On modern accelerators (A100/H100/TPU), bfloat16 and float16 matmuls are 2× to 8× faster than float32 and use half the memory. Every serious training run uses some form of mixed precision.

But you can’t just cast everything to bf16 — gradients become small, parameter updates underflow, and training diverges. The standard recipe:

Weights stored in fp32 (the “master copy”) — accumulators and optimizer state stay in high precision.
Forward + backward in bf16 — the matmuls and activations, which dominate runtime, run fast.
Loss scaling for fp16 (less needed for bf16; we still use it for teaching purposes) — multiply the loss before backprop so small grads stay representable; divide grads back before the optimizer.
Optimizer step in fp32 — small updates lr * grad ≈ 1e-7 need fp32’s mantissa precision; in bf16 they’d round to zero.

The recipe

def loss_fn(params):
    # 1. Cast inputs into low precision INSIDE the loss_fn
    params_bf16 = jax.tree_util.tree_map(
        lambda p: p.astype(jnp.bfloat16), params
    )
    x_bf16 = x.astype(jnp.bfloat16)
    y_bf16 = y.astype(jnp.bfloat16)

    # 2. Forward + loss in bf16
    preds = state.apply_fn({"params": params_bf16}, x_bf16).reshape(-1)
    loss_bf16 = jnp.mean((preds - y_bf16) ** 2)

    # 3. Scale the loss in fp32 to protect tiny grads
    loss_scaled = loss_bf16.astype(jnp.float32) * loss_scale
    return loss_scaled

# Grads come back in (possibly) bf16 dtype — cast and unscale
grads = jax.grad(loss_fn)(state.params)
grads = jax.tree_util.tree_map(
    lambda g: g.astype(jnp.float32) / loss_scale, grads
)

# Optimizer update happens in fp32 with fp32 params and fp32 grads
state = state.apply_gradients(grads=grads)

The flow is: fp32 → bf16 → bf16 → fp32. The bf16 zone is between the cast inside loss_fn and the cast back when handling grads.

Why scale the loss?

bf16 / fp16 has limited dynamic range. If grads are around 1e-5 they’re representable in bf16, but if they’re around 1e-9 they round to zero — “underflow.” Multiplying the loss by S multiplies grads by S (chain rule). Then we divide by S after grads are computed.
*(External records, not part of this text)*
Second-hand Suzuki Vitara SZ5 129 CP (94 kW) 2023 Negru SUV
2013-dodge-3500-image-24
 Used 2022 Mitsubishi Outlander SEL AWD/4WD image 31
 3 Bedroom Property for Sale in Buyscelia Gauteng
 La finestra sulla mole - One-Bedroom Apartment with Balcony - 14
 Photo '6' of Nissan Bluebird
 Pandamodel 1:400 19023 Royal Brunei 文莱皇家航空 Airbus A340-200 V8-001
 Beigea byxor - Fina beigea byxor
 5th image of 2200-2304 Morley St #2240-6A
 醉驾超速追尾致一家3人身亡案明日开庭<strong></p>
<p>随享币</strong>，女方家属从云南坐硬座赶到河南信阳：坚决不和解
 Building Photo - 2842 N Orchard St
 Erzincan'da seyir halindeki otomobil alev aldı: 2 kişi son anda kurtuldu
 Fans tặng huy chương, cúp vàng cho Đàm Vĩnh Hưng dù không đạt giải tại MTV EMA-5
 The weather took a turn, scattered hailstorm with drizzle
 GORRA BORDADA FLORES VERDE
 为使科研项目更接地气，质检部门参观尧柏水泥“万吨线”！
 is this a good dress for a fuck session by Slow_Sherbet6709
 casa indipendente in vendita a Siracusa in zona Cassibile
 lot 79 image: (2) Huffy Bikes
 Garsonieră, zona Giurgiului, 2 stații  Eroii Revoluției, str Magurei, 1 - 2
The grads we see are the same in expectation, but they survived the bf16 round-trip.

With bf16 specifically, dynamic range is similar to fp32, so loss scaling matters LESS than for fp16. Real frameworks often use loss_scale = 1.0 for bf16. We still teach the pattern because the same code is needed for fp16 (e.g. on older GPUs or TPU v3).

Why the cast inside the loss_fn, not outside?

Two reasons:

The fp32 master copy of params lives outside loss_fn; only inside do we want bf16. After jax.grad finishes, we’re back to fp32 land.
apply_gradients applies grad to params, expecting both have the same dtype. If params are fp32 and grads were left as bf16, you’d get dtype mismatches or silent precision loss.

Common pitfalls

Casting params to bf16 BEFORE loss_fn: then the master copy is bf16 too — defeats the entire point.
Forgetting to unscale the grads: the optimizer would step S× too large.
Not casting x and y to bf16: matmul will broadcast-promote them to fp32, so the matmul still runs in fp32 — no speed-up.
Casting the loss back to fp32 BEFORE multiplying by loss_scale: this is fine and what the recipe does. Order matters less here than for 1/loss_scale of grads (which MUST be in fp32).

Problem

Implement a single mixed-precision training step:

Build a TrainState with a tiny nn.Dense(1) and optax.sgd(lr).
Inside loss_fn: cast params, x, y to bf16; do MSE forward in bf16; scale loss by loss_scale (cast to fp32 first).
Compute grads with jax.grad.
Cast grads to fp32 and divide by loss_scale.
apply_gradients.
Recompute the un-scaled MSE in bf16 (cast back to fp32) at the new params. Return as 1-D (1,).

Inputs:

seed: float (cast to int).
x: 2-D (N, D).
y: 1-D (N,).
lr: float.
loss_scale: float — typically a power of 2 (e.g., 64, 128, 256).

Output: 1-D (1,) — [final_loss_after_step_in_fp32].